Before she had well realised the fact, he had folded her in his arms, and pressed his lips to hers. Then, loosening her from his embrace, he let her go, and, trembling and agitated as she had never been before, she ran quickly to her room.
Innocent at heart, and unskilled in the ways of the world as girl could be, as she seated herself upon the edge of the bed she ran rapidly over what had taken place.

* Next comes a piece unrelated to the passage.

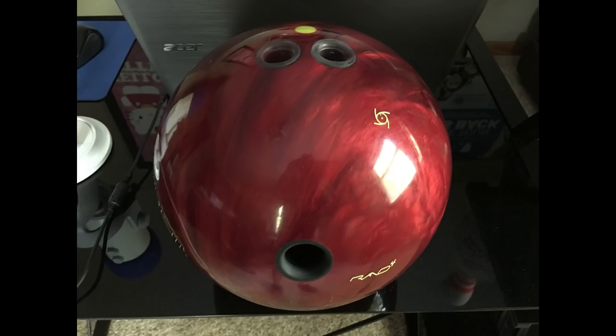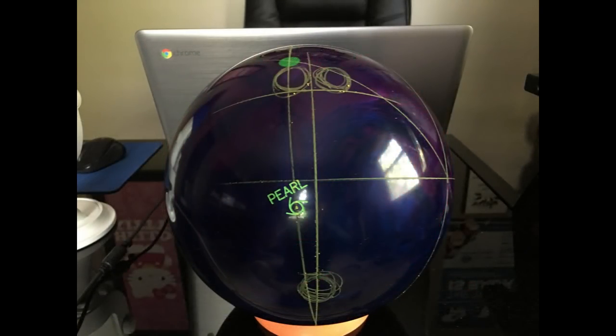Were you to copy where my fingers are at and drill your finger holes in the exact same place, you may get a similar reaction, but chances are that you won't. Here's a picture of the exact same layout for someone who has an axis of four over and zero up or down.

She did not like Mr Montaigne, and his acts towards her that night made her tremble with indignation; but these thoughts were met by another current, which seemed to tell her that she was misjudging him. He had spoken to her as to one who was very dear to him. His words had been those of a father to his child; and why should she resent it? Mr Montaigne was not a young man, and it might seem to him that their positions had in no wise changed since she, a trembling, heart-broken little girl, fresh from a wretched home, had sat and listened to his soft, bland voice, followed his instructions, and had her curls smoothed by his soft white hand.
“But I am a woman grown now, and it is dreadful,” she cried, bursting into a passion of indignant tears. “I don’t like it. I will speak to Miss Philippa. I don’t think it is right.”
“Are you there, Miss Ruth?”
“Yes, Markes.”
“Oh, that’s right. I thought you was lost. Cook told me you were in the drawing-room when I came in. There, child, don’t sit and mope in the dark because you did not get asked to the party. You’ll be a woman soon, my dear, and maybe they’ll find you a husband like the rest.”
“Child!” Yes, it was always “child”; but the girl’s heart rebelled against the appellation. These elderly maidens could not think of her as one whose mind was ripening fast, in spite of the sunless seclusion in which she lived.
“I’ll tell Markes,” she thought, as her heart throbbed with the recollection of that which had passed. But no; she could not. There was something repellent in this woman’s ways, and at last, with her brain in a tumult with conflicting ideas, Ruth sought her pillow, while Paul Montaigne, with a curious smile upon his face, was still pacing his room after his dark walk back to Teddington, one hand clasping the other, as if he still held Ruth’s.
“No,” he said, “she will not say a word. It is not likely. There is a bond of sympathy between us now.”